### [Information provided]
»»
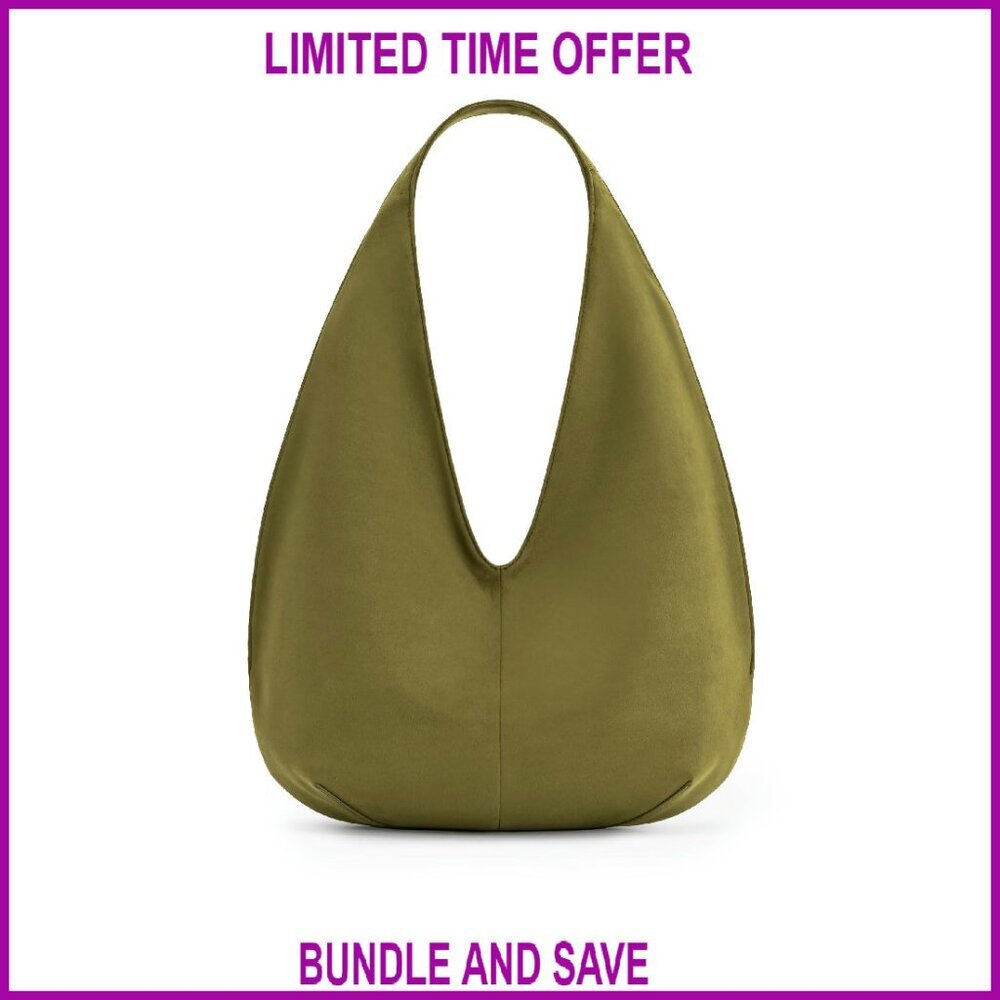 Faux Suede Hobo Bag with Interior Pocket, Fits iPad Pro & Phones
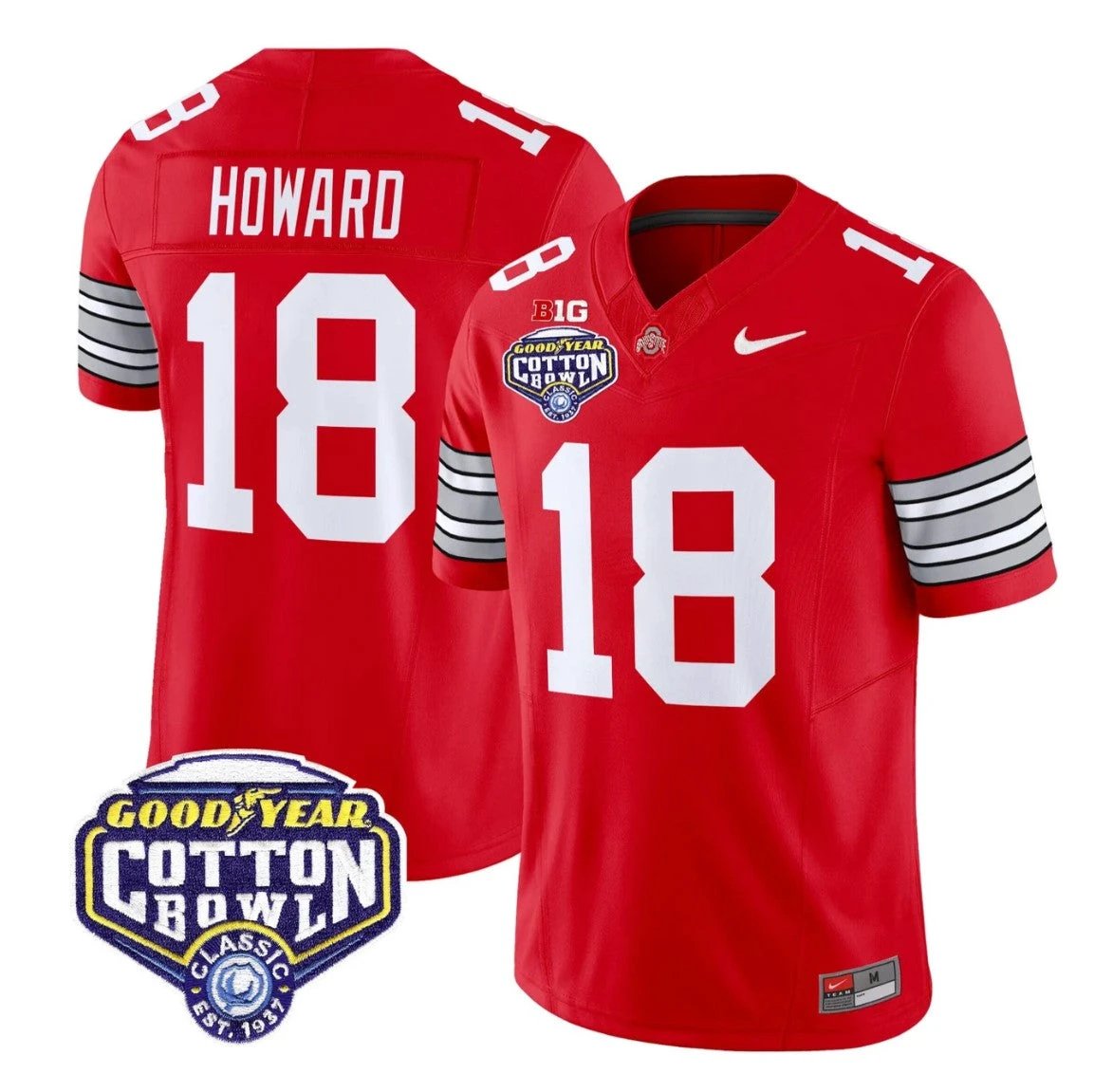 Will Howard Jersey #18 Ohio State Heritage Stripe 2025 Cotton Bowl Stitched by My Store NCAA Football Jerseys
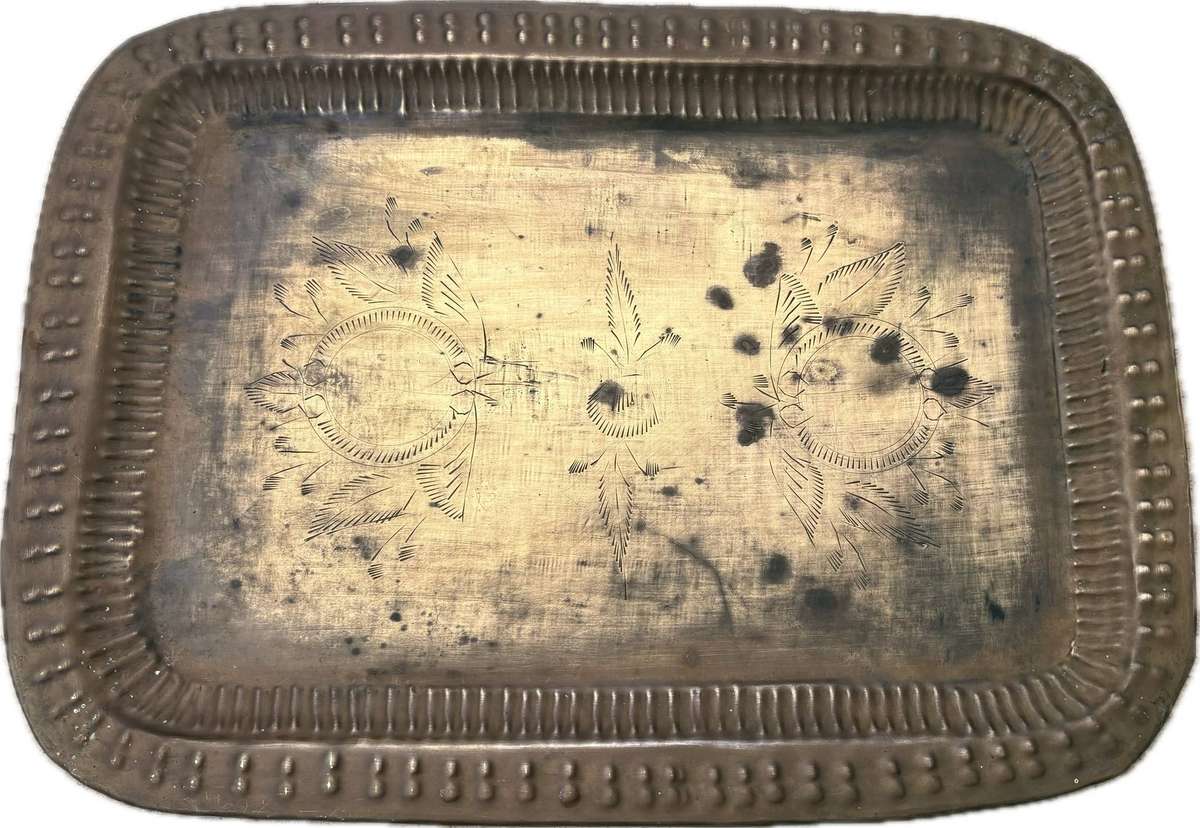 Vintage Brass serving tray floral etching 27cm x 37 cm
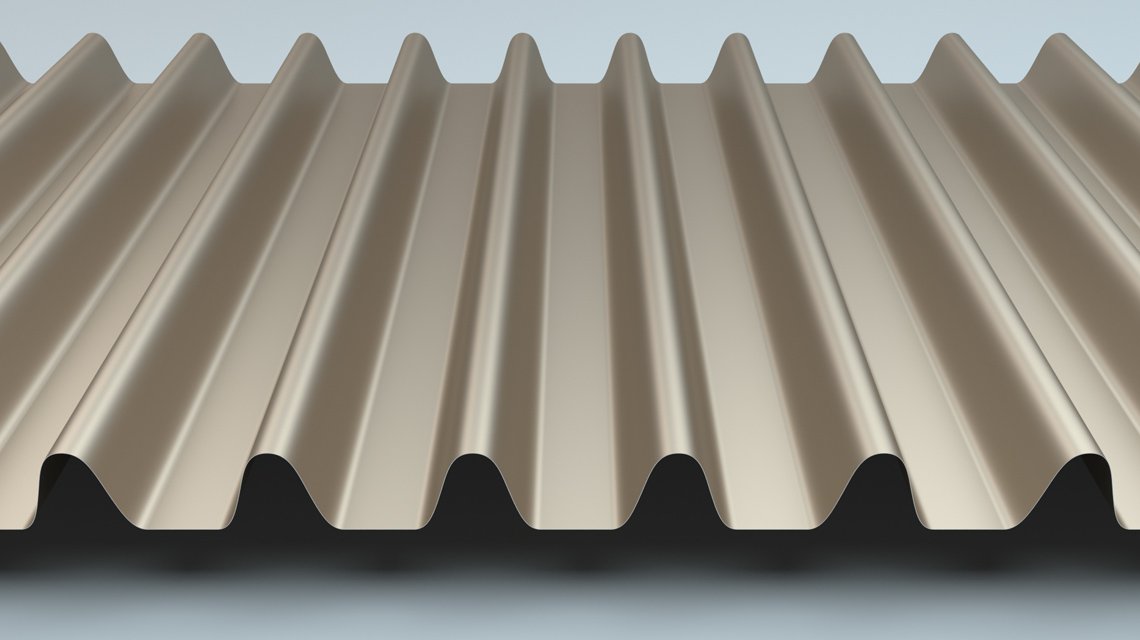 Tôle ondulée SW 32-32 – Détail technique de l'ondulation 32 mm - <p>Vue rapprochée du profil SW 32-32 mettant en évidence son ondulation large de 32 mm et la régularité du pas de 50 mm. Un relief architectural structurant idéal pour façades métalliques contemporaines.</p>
««
### [About this task]
Give back the material above exactly as it appears, minus the pictures.

### [Solution to this problem]
 Faux Suede Hobo Bag with Interior Pocket, Fits iPad Pro & Phones
 Will Howard Jersey #18 Ohio State Heritage Stripe 2025 Cotton Bowl Stitched by My Store NCAA Football Jerseys
 Vintage Brass serving tray floral etching 27cm x 37 cm
 Tôle ondulée SW 32-32 – Détail technique de l'ondulation 32 mm - <p>Vue rapprochée du profil SW 32-32 mettant en évidence son ondulation large de 32 mm et la régularité du pas de 50 mm. Un relief architectural structurant idéal pour façades métalliques contemporaines.</p>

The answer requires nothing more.